Versatilité de la foule, grandeur du Peuple
« Les chef des prêtres et les scribes ainsi que les notables,
cherchaient à le faire mourir, mais ils ne trouvaient pas le moyen d’y arriver ;
en effet le peuple tout entier était suspendu à ses lèvres. »
(Luc 19,47-48)
Si j’avais eu un conseil à donner aux chefs des prêtres, aux scribes et aux notables qui ‘dominaient’ Jérusalem quand Jésus bouscula les marchands du Temple, je leur aurais dit : « Ne craignez rien et surtout pas la foule… elle n’est pas organisée, vous la ‘retournerez’ quand vous le voudrez… ! Vous savez la manier.
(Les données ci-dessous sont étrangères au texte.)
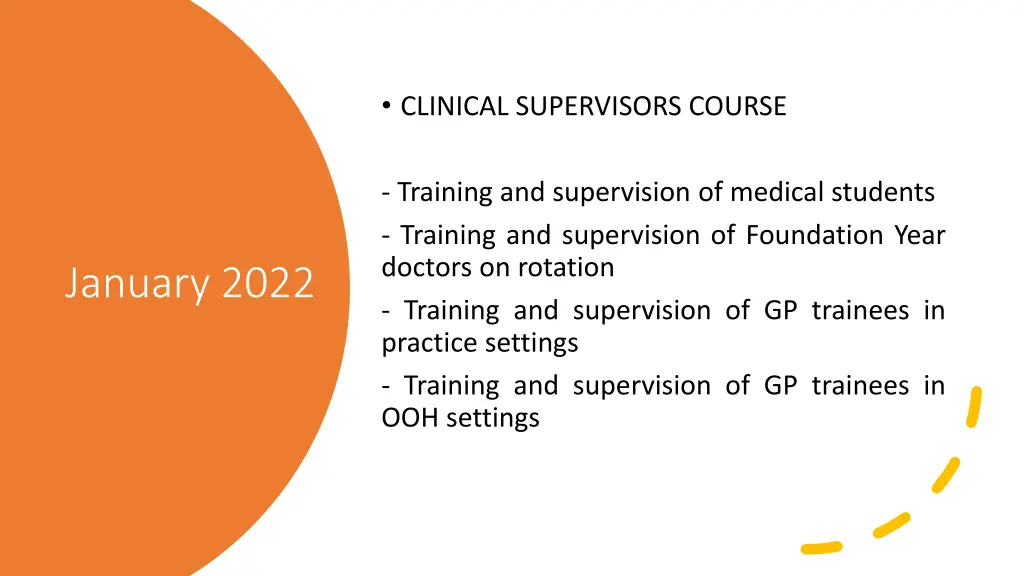 clinical supervisors course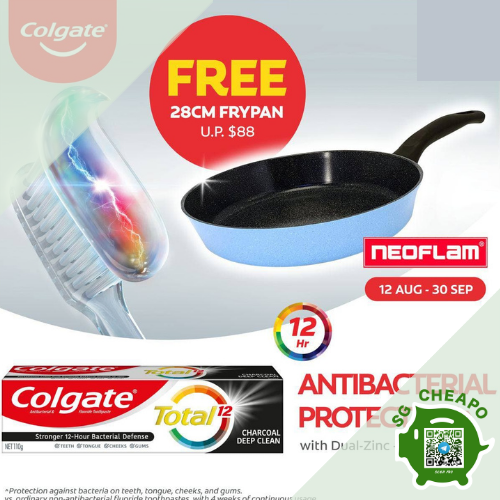 colgate free neoflam frying pan aug promo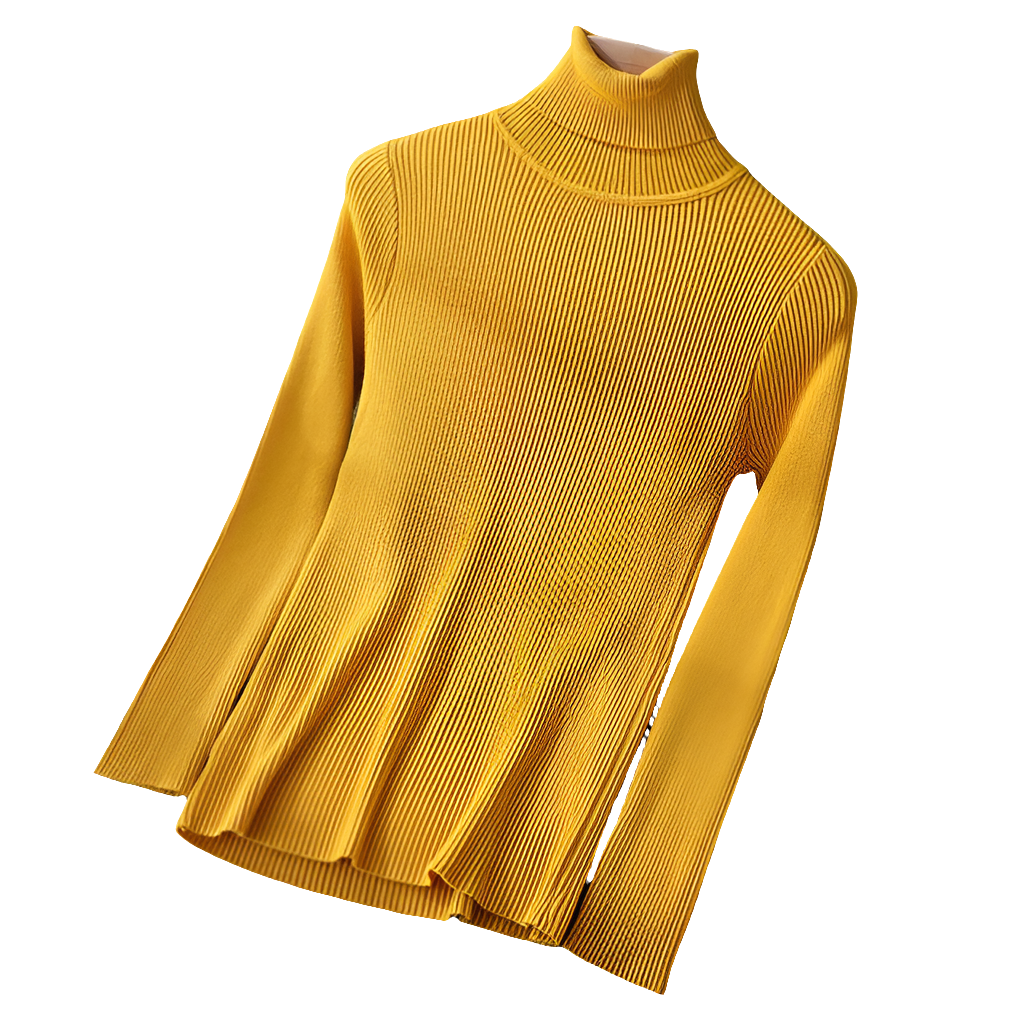 Highneck long-neck Sweaters top wear
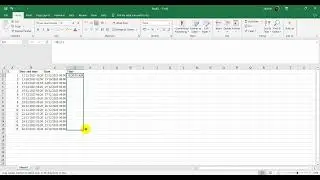 How to convert datetime to date and time in excel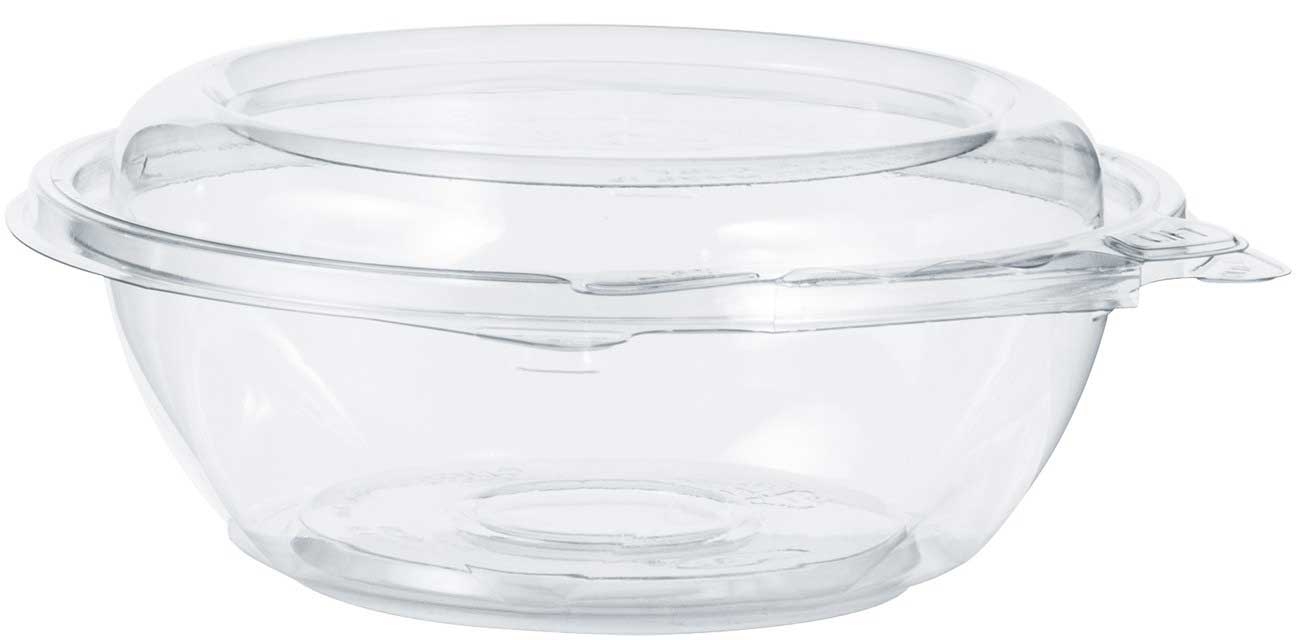 Dart Container SafeSeal Polyethylene Tamper Resistant Clear Bowl, 8 Ounce -- 240 per case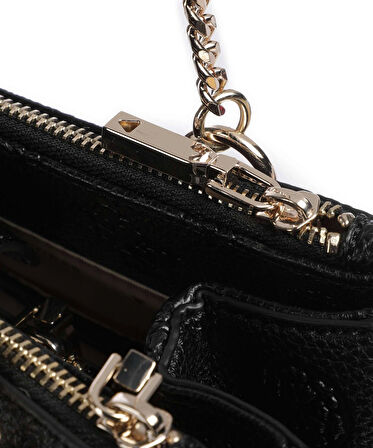 Guess Kadın Siyah Cresidia Logolu Omuz Satchel Çanta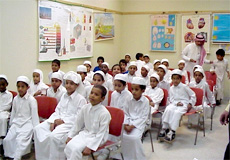 preschool kids taking class 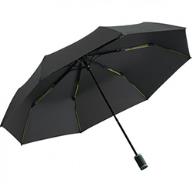 Зонт мини  "FARE® Mini Style", ф98, антрацит/лайм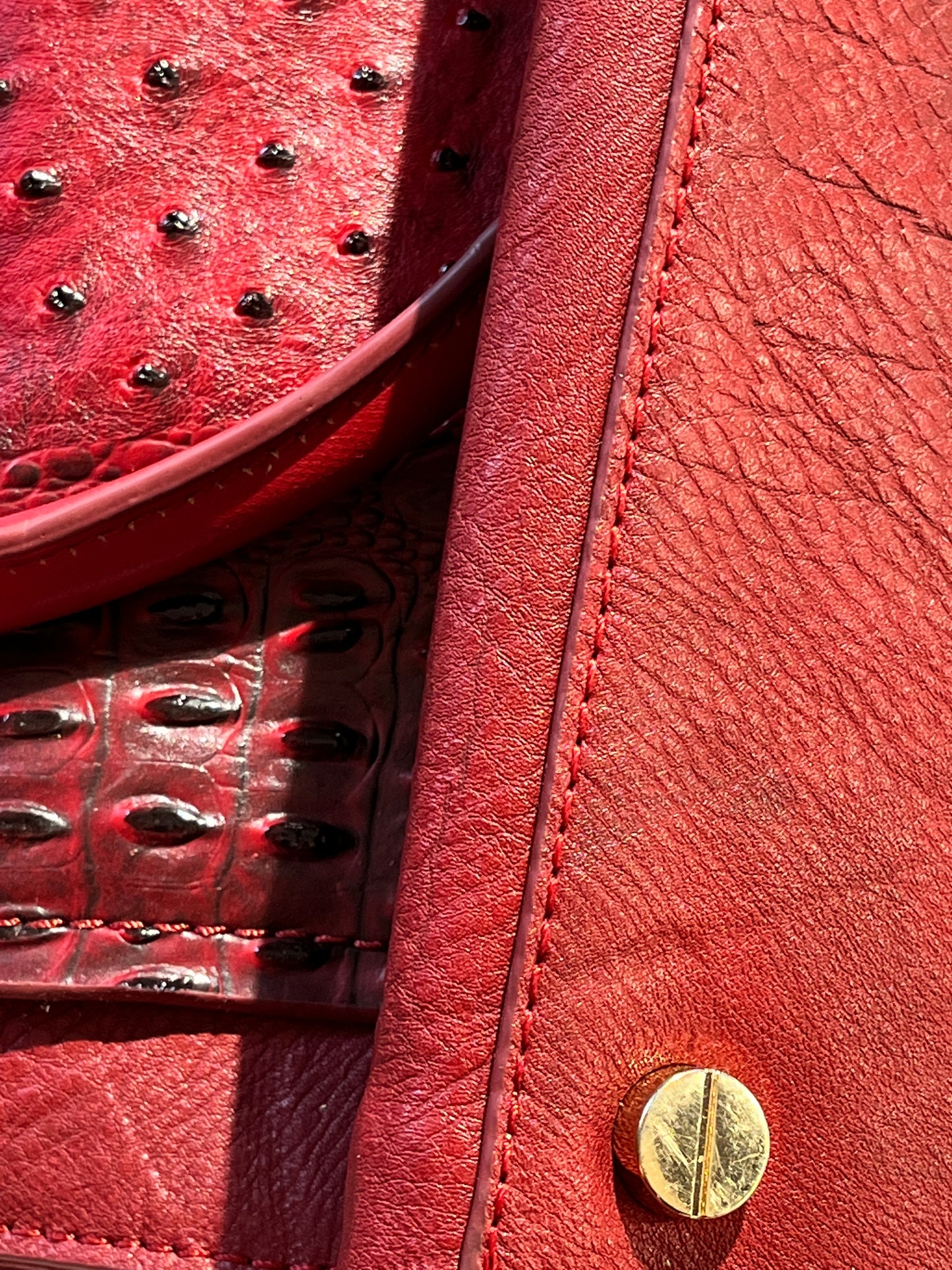 Vintage Michael Kors Bag MK Red Leather Purse
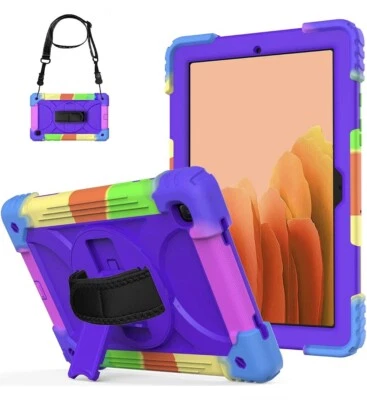 Shockproof Case Cover for Samsung Galaxy Tab A7 T500/T505 + Shoulder Strap - Image 1 of 4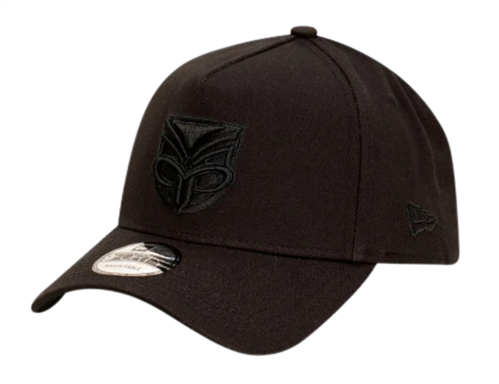 NEW ERA WARRIORS BLACK LOGO 9FORTY A-FRAME SNAPBACK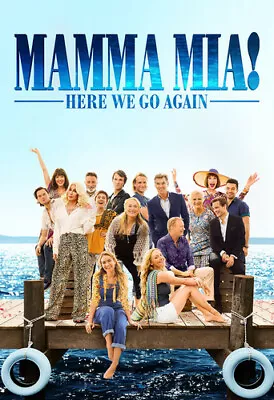 Mamma Mia! Here We Go Again DVD Amanda Seyfried NEW • $3.88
Aujourd’hui la foule se porte ici, demain elle se portera ailleurs… »
Dans ces versets, pour parler du peuple, Luc emploie le mot grec ‘laos’. Fin lettré, il sait bien qu’il ne recouvre pas tout à fait la même réalité que ‘dèmos’. Le premier terme signifie plus particulièrement foule, le deuxième évoque le peuple qui s’organise, réfléchit, propose, s’oppose…
« Messieurs les ‘notables’, c’est ce dernier qu’il faut redouter car il sait sa force et peut l’exprimer, tandis que la foule versatile se laissera séduire et conduire ».
Ainsi depuis toujours et sans doute jusqu’à toujours, il faut faire une vraie distinction entre d’une part la foule qui un jour crie ‘Hosannah’ et quelques jours après hurle à pleins poumons ‘A mort’ et d’autre part le peuple qui se donne les bons moyens d’analyse pour examiner une situation, prendre position et éventuellement refuser les orientations de ceux qui estiment bon de penser à sa place et de le conduire à leur guise.
Je crois que le Peuple de Dieu (assemblée de baptisés vivants en communautés disséminées dans le monde et dans toutes les cultures) est assisté par l’Esprit Saint. Il prie, il contemple, il intercède, il offre. Solidaire de ses proches contemporains il construit l’histoire avec eux. Il ne s’enferme pas dans sa communauté, il vit de la communion qui lui vient de son union au Christ Ressuscité. Il lit et relit dans la foi les ‘événements’ qui surgissent sans cesse comme des ‘avènements’ qui le provoquent, le stimulent, le poussent à la réflexion et à l’action.
Il croit que les évêques qu’il accueille comme des ‘dons de Dieu’ sont sacrements de la communion. Il n’a pas peur de leur ‘surveillance’ car il les sait remplis de ‘bien-veillance’ et de ‘bien-faisance’. De plus il dialogue avec eux pour découvrir ce qui est le meilleur selon l’Évangile. Ils sont pour lui des frères serviteurs et visiteurs à la manière de Jésus. Si par faiblesse ils ne le sont pas, il sait les ‘reprendre’ avec tendresse.
Le Peuple de Dieu n’est pas une foule changeante, délirante, séduite par les beaux parleurs. Humble, il a conscience de sa dignité. Pauvre, il vit par ses offrandes et ses partages. Démuni, il travaille, il étudie, il examine les situations, il dialogue, il propose. Occupé par toutes les activités du monde dont il est solidaire à part entière, il prend aussi le temps de la prière gratuite, de la lecture des Livres Saints et Spirituels, de la correspondance avec ses frères et sœurs dans la foi, des réunions communautaires.
Le peuple de Dieu ne recrute pas, il ne se cache pas. Au grand jour, en pleine lumière, il accepte d’être un simple signe et une proposition discrète de vie selon l’Évangile. À ceux et celles qui désirent s’y agréger par le baptême, il dit « viens et vois. »
Le peuple de Dieu n’est pas une foule désarticulée mais le Corps du Christ.